By Bruce Mike
So it’s February 19th and it’s going to be 60 degrees. I rode to work the other day and will be going for a ride this afternoon and probably this evening. Our winters seem to keep getting milder. If I don’t think about the global implications, this climate change gives me a lot more comfortable riding experiences. For quite a few years now I’ve had a goal to ride at least once a month over the winter and this year it hasn’t even been a challenge. The Ural also makes it easier to ride whenever I want. It’s been a fun bike.
For as long as I can remember, I’ve started each late winter, early spring, with some kind of motorcycle related goal. Whether it be a place I want to go, a bike I want to buy or build or just finishing an existing project that’s sitting in the garage. This helps fend off those late winter blues. This year the goal was to road race up at Brainerd. I met a guy over the holidays that was a new rider instructor and he got me all revved up to give it a try. I had a bike and a plan and was excited to get started. Then a couple of weeks ago I woke up and couldn’t make a fist with my right hand.
This is not a brand new ailment. I spent a lot of frustrating time seeing doctors last year. They went from having no idea what was wrong with me, to needing immediate surgery, to lets wait and see. It seemed that none of them had any confidence in what they were telling me. Of course me being me, I basically told them to go screw themselves and I walked away.
Based on the three MRIs I had, it appears there is damage to a few discs in my neck. One thing all the doctors did agree on was that it was caused by some kind of trauma. When the trauma occurred is something they couldn’t tell me. In my teens and twenties I was in a lot of car accidents and I’ve had a few bike crashes over the years but nothing that ever put me in the hospital.
I started a new round of doctor visits last week. Same health care provider, different doctors. The first guy I saw was great. He told me more in an hour than any of them did all of last year. At least it seemed that way. He also told me that motorcycle racing right now is a really bad idea. He said even a minor crash could be disastrous. I decided to be a grown-up and heed his advice. I haven’t given up on it. I’m going to be optimistic and hopefully do it next year. This year I’ll just work on becoming a bigger and better race fan.

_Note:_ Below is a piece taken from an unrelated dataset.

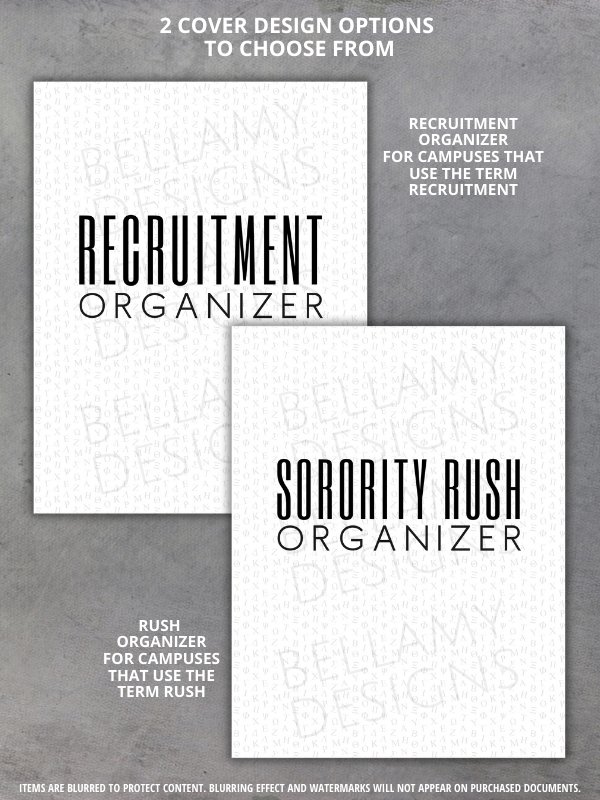 Sorority Recruitment Organizer, Sorority Rush Organizer, Rush Week Planner Checklist product image (8)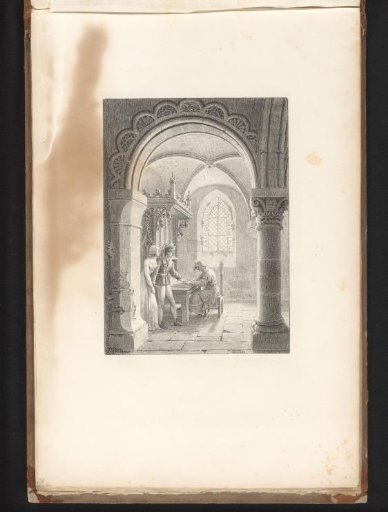 Chapel with a man and a woman before a clergyman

What these experiences have reminded me of is that life is short. This is not a new concept for me. Often times I am my worst enemy in approaching life with a sense of urgency. My stubbornness prevents me from getting things done all the time. When I keep my approach to life simple. Do what’s right in front of me. Ride whenever I can. Enjoy every minute of every enjoyable moment. Do the work that needs to be done. When I live like this, I have no regrets.